Your assignment » The answer is to be the lines below that lie between the line holding "A Bulova gentleman's" and the line holding "kia stonic (ybcuv) del año 2023", inclusive, transcribed exactly and free of pictures.
Data Block Start
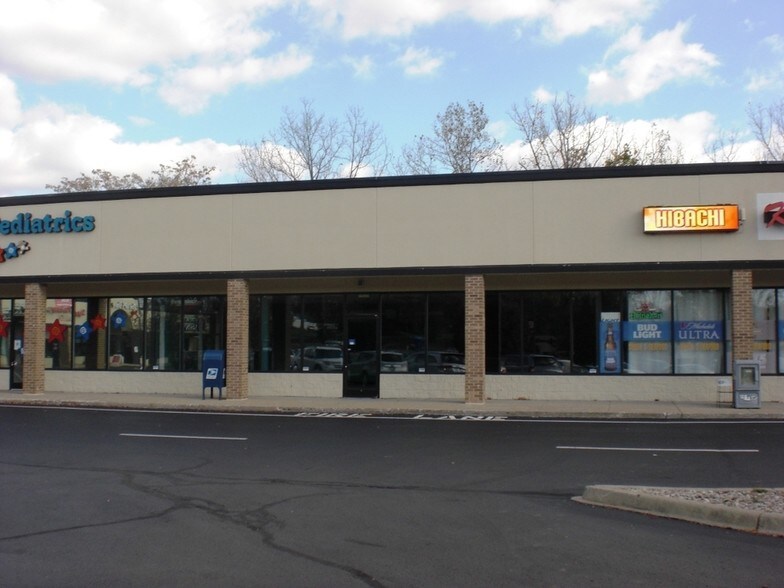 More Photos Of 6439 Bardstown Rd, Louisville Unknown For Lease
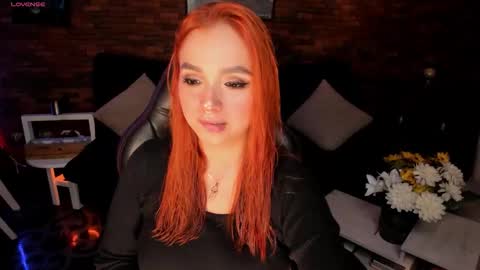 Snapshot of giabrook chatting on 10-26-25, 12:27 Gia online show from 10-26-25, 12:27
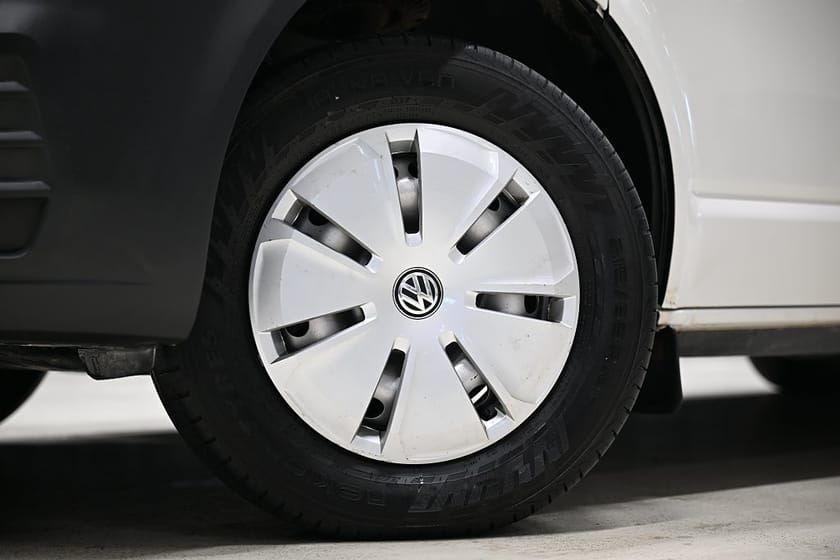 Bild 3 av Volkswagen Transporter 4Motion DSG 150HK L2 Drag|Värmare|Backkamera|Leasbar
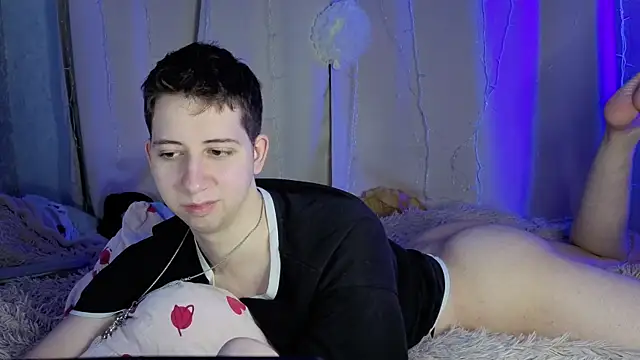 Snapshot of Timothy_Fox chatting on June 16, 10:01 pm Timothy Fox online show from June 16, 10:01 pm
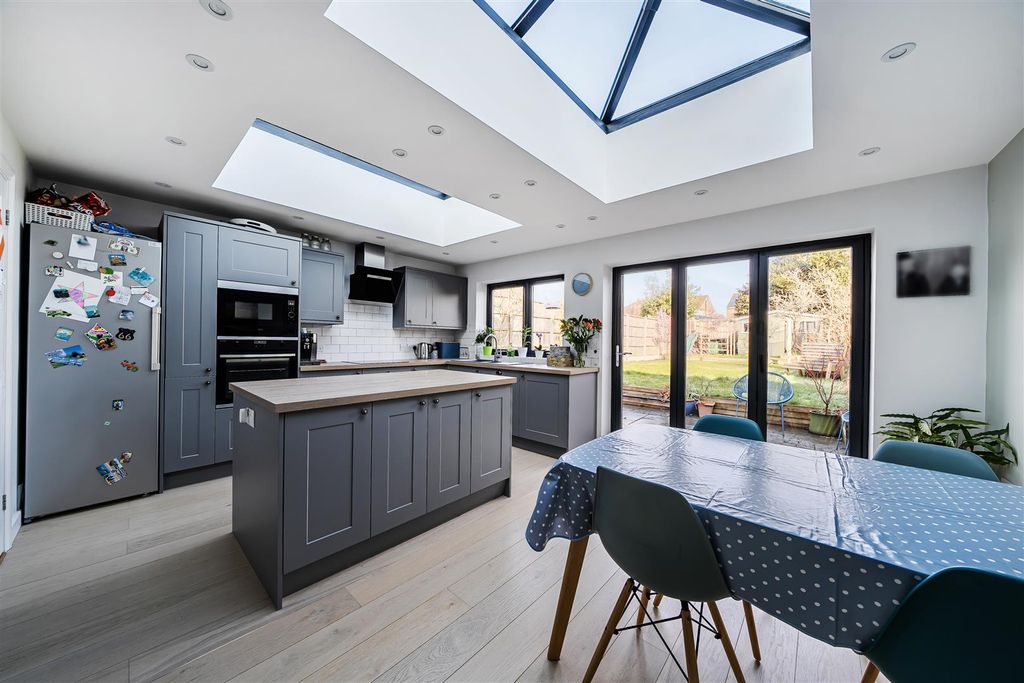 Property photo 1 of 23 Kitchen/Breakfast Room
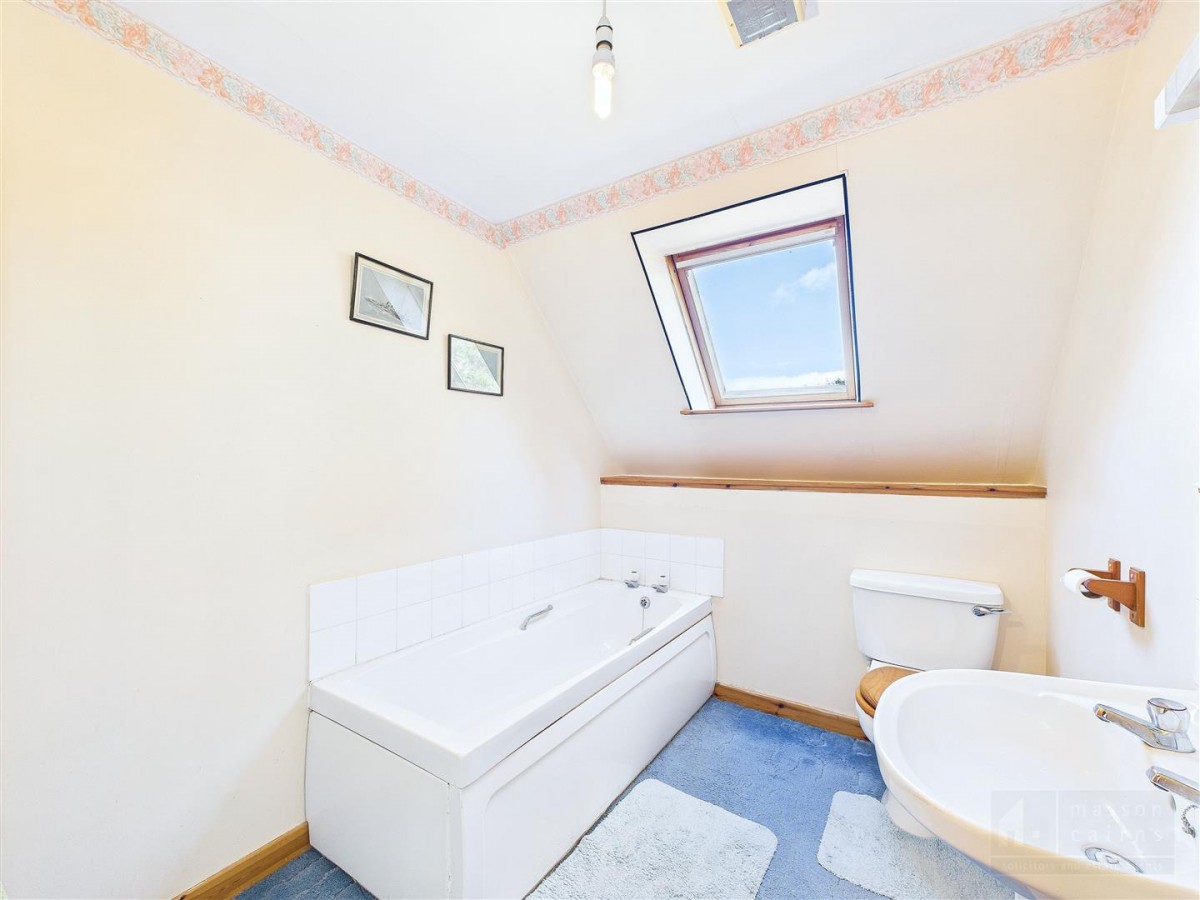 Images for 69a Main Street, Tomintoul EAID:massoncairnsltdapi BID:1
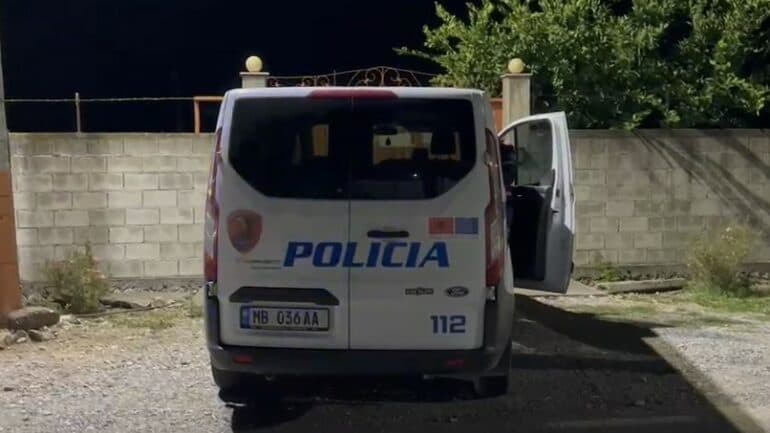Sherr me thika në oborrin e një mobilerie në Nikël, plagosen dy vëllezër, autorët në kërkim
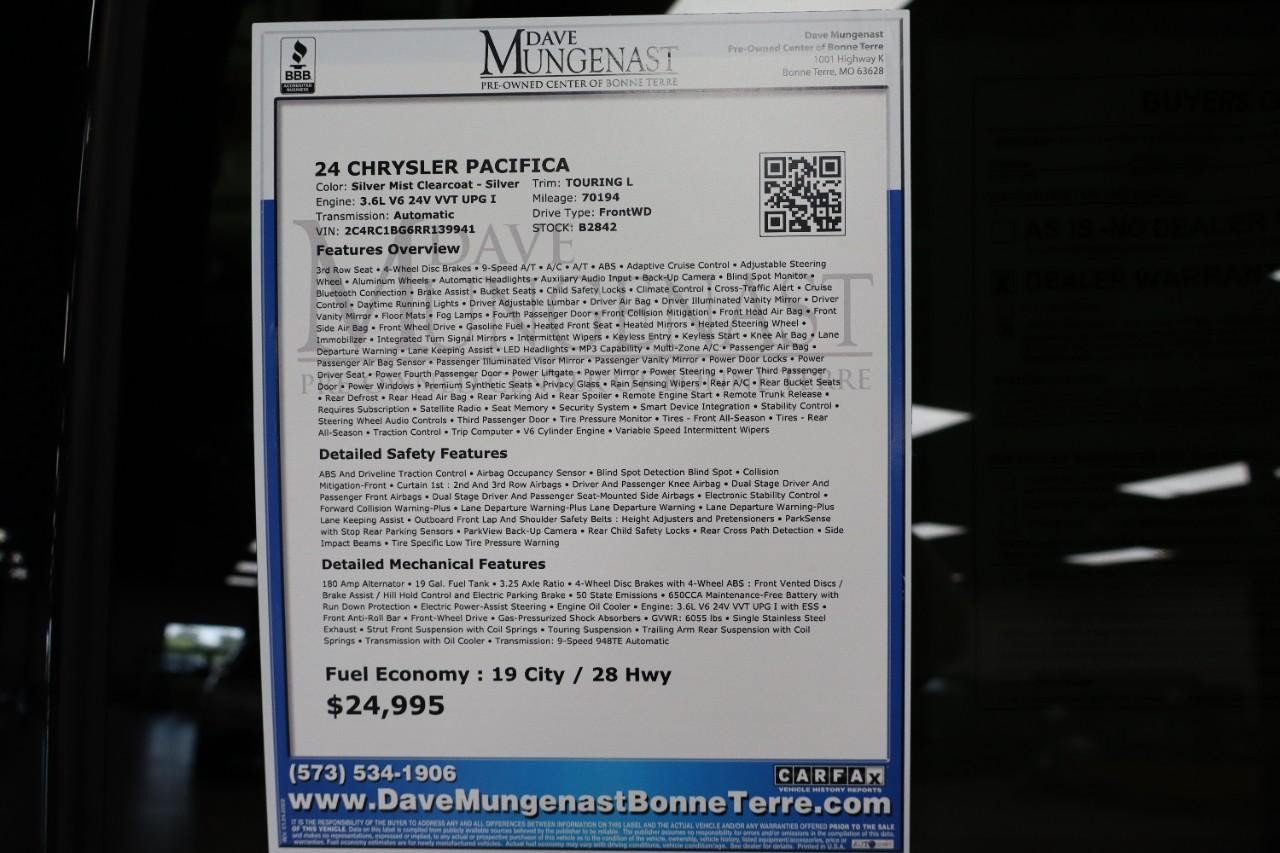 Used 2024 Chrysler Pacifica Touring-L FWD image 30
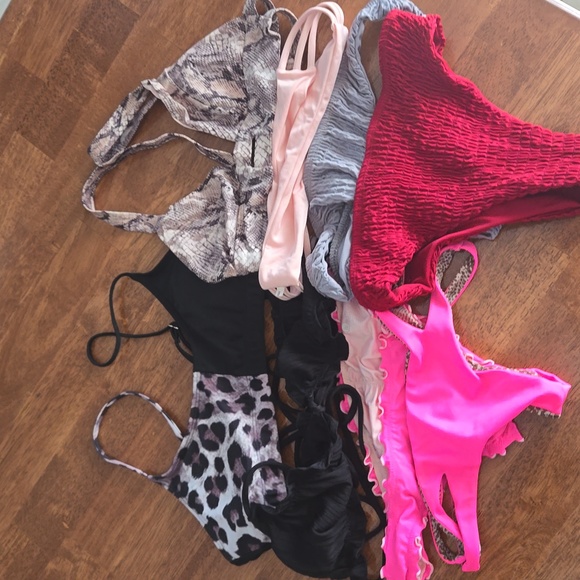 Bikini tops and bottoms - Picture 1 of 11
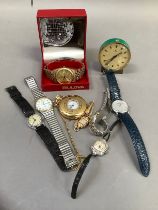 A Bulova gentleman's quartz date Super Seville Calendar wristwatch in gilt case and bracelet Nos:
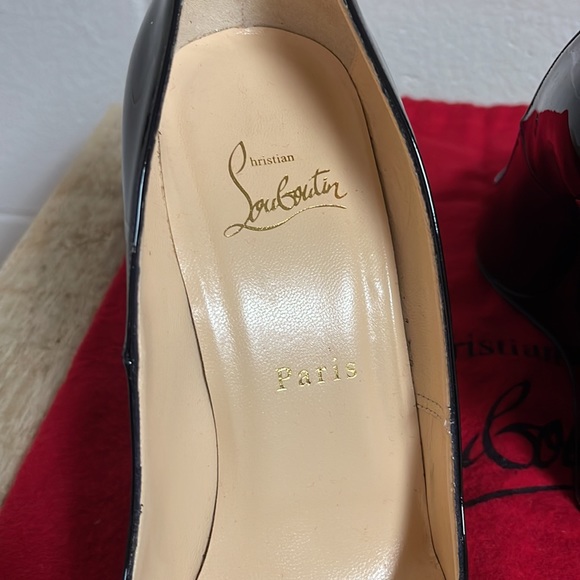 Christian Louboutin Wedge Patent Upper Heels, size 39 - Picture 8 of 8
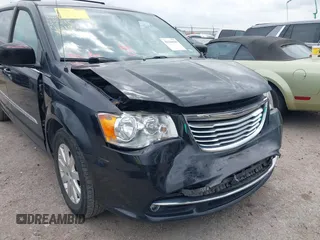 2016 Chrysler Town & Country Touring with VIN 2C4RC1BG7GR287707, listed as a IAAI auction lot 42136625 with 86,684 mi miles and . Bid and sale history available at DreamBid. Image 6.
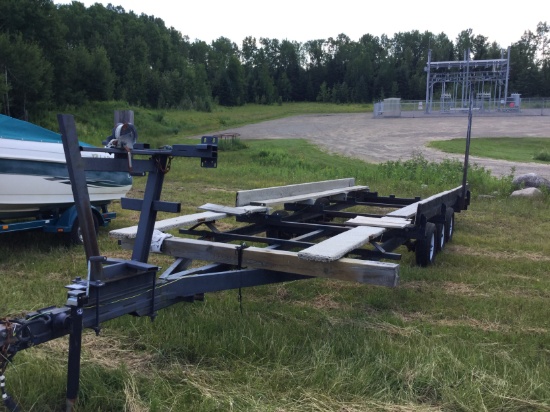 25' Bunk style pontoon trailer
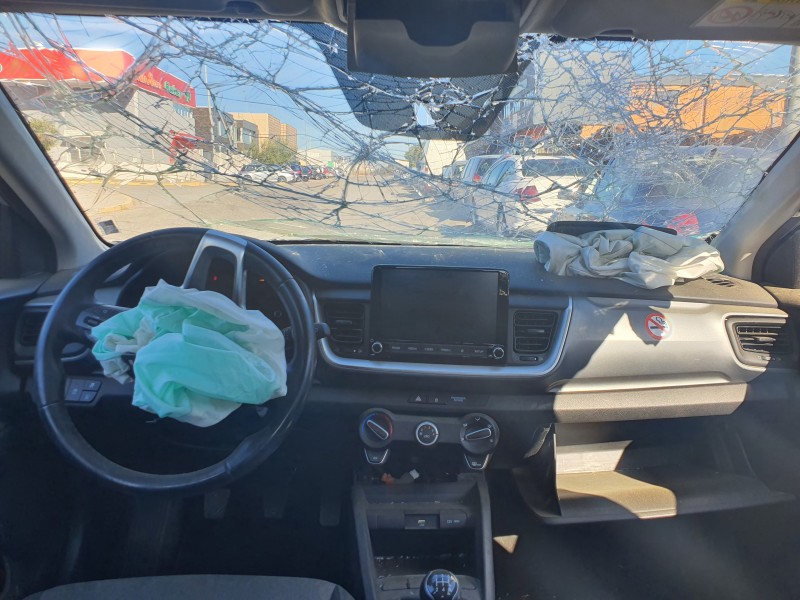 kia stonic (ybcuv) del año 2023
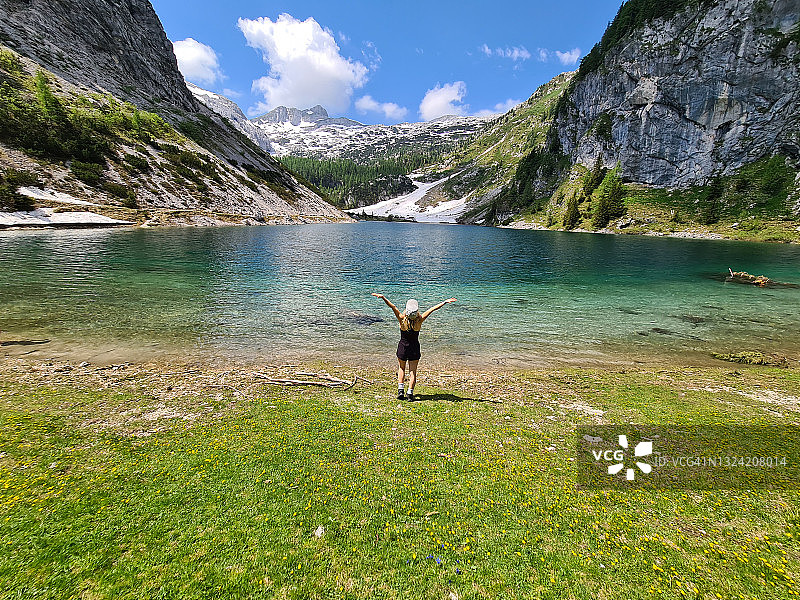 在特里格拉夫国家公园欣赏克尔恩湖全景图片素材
Data Block End
Response »
 A Bulova gentleman's quartz date Super Seville Calendar wristwatch in gilt case and bracelet Nos:
 Christian Louboutin Wedge Patent Upper Heels, size 39 - Picture 8 of 8
 2016 Chrysler Town & Country Touring with VIN 2C4RC1BG7GR287707, listed as a IAAI auction lot 42136625 with 86,684 mi miles and . Bid and sale history available at DreamBid. Image 6.
 25' Bunk style pontoon trailer
 kia stonic (ybcuv) del año 2023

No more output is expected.